### Records from a data collection:
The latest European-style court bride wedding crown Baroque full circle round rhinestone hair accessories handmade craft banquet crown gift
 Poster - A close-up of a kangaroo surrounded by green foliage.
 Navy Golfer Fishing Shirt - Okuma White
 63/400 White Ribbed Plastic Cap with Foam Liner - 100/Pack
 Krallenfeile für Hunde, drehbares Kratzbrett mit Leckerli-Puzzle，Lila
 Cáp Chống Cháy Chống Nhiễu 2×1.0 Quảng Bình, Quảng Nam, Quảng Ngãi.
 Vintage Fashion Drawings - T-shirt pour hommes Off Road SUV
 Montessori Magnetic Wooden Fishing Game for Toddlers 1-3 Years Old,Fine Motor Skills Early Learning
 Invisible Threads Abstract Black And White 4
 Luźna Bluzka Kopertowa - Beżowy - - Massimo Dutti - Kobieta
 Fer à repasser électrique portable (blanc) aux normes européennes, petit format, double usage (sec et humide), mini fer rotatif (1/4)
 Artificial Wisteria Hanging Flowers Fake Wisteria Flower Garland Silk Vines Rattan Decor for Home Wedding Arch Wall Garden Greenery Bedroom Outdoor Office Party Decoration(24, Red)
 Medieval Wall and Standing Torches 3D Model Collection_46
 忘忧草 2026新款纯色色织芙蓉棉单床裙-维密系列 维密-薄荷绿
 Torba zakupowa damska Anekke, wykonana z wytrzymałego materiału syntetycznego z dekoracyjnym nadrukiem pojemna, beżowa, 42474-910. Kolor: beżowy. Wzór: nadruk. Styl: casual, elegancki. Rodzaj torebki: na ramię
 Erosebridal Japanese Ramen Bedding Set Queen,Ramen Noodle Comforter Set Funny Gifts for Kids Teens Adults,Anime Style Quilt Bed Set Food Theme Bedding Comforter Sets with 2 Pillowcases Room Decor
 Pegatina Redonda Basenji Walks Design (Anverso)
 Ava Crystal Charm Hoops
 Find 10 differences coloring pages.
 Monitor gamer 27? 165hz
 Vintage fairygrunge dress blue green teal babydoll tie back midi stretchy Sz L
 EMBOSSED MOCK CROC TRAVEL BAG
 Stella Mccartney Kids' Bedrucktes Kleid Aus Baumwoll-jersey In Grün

### Task description:
Retype exactly the lines from the one containing "Ava Crystal Charm Hoops" through the last line of the records above, including both.

### Expected output:
 Ava Crystal Charm Hoops
 Find 10 differences coloring pages.
 Monitor gamer 27? 165hz
 Vintage fairygrunge dress blue green teal babydoll tie back midi stretchy Sz L
 EMBOSSED MOCK CROC TRAVEL BAG
 Stella Mccartney Kids' Bedrucktes Kleid Aus Baumwoll-jersey In Grün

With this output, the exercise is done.